Diagnosis limbo (Clinically Isolated Syndrome, but I am nearly certain it is MS).

I am what they are calling CIS but "probable MS" at this stage too. I'm 24 female. Had one episode last year where I lost coordination of my right arm, like I could move it and use my fingers but it just wouldn't go where I wanted it to go. My balance was off too, kept running into doorframes.

I ended up convincing myself that I'd had a stroke, so went to emergency and got admitted. CT scan showed nothing, so they sent me to a bigger hospital for an MRI. They found one lesion on my brain stem, right in the spot that would cause the symptoms I was experiencing.

I had a neuro come in and tell me that they were diagnosing me with CIS which is basically just the first documented MS attack. He said "don't worry we have very good drugs available these days" and sent me home. Cool. I probably have MS oh well whatever. Then I realised what a big fucking deal all of this was and freaked out big time for about a month. World is ending etc.

Went in for another MRI, this time of my spine and there was nothing showing there, but the neuro says he's pretty sure it is MS, just a mild version. Whatever that's supposed to mean. So I just got back to my life. Married my amazing husband and now we are expecting a baby in about 3 months time. Life is still good. And if something shitty happens along the line we will deal with it then, just like we have dealt with it up until this point.

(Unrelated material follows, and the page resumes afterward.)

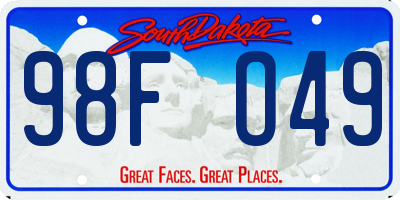 SD license plate 98FO49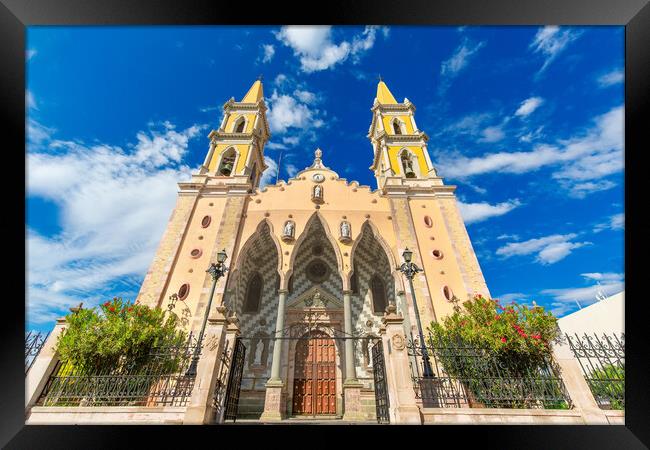 Immaculate Conception Cathedral in Mazatlan historic city center Framed Print by Elijah Lovkoff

As morbid as it sounds, its altered my perspective to pretty much "eh, if you live long enough eventually something is going to fuck you up, bad things happen to everyone so let's just get on with it and stop taking the good moments for granted". I enjoy and feel the special moments of my life a lot more now, and I realise what's important to me.

Sorry I have gone on and on a bit here but thought hearing from someone who is in your boat might help :) best of luck!